> PROBLEM
Since the records include pictures, leave those out while you reproduce exactly and only the lines from the one containing "Galeriden Hyundai Accent" through the one containing "Los Zorros está", inclusive.

> STORED DATA
• • • • •

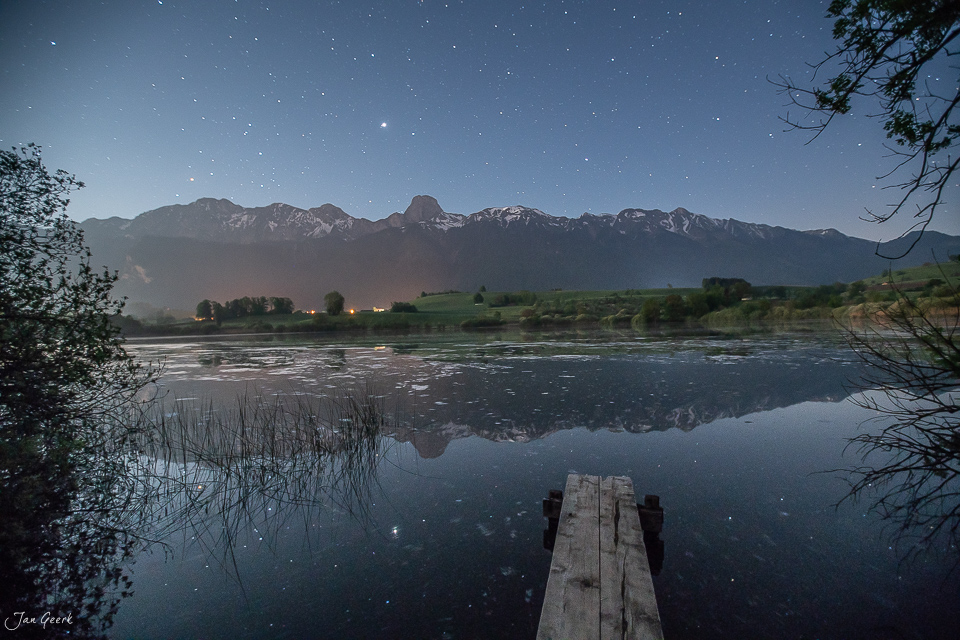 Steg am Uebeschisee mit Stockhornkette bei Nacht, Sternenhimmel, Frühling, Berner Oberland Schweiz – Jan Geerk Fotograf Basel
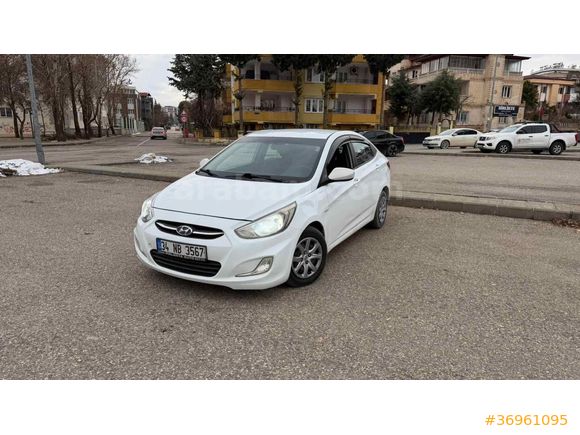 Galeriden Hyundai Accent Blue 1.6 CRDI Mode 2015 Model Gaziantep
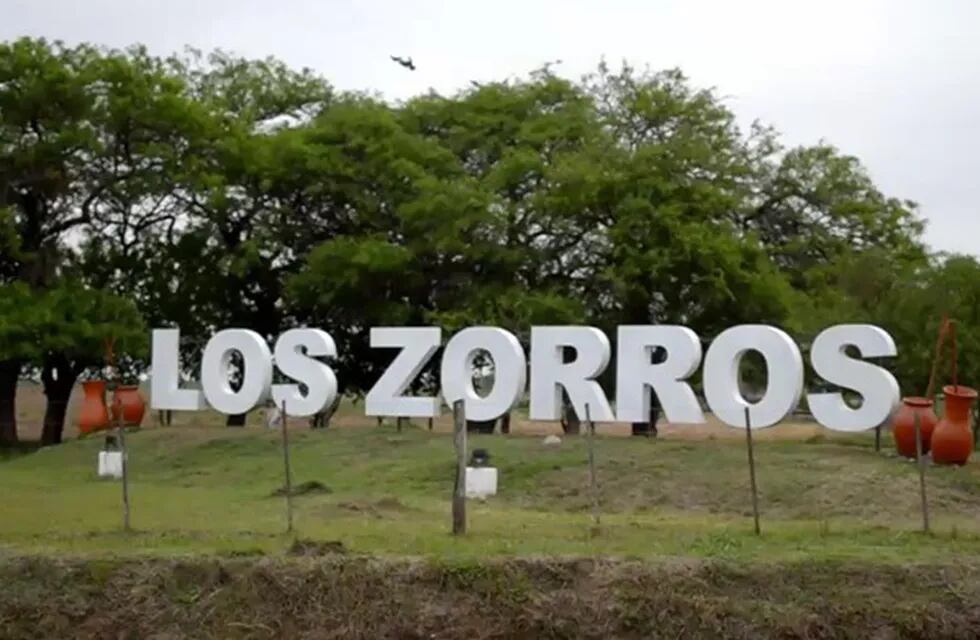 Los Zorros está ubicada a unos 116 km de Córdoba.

• • • • •

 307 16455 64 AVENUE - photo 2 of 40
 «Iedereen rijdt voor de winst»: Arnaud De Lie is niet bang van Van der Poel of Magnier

• • • • •

> EXERCISE RESULT
 Galeriden Hyundai Accent Blue 1.6 CRDI Mode 2015 Model Gaziantep
 Los Zorros está ubicada a unos 116 km de Córdoba.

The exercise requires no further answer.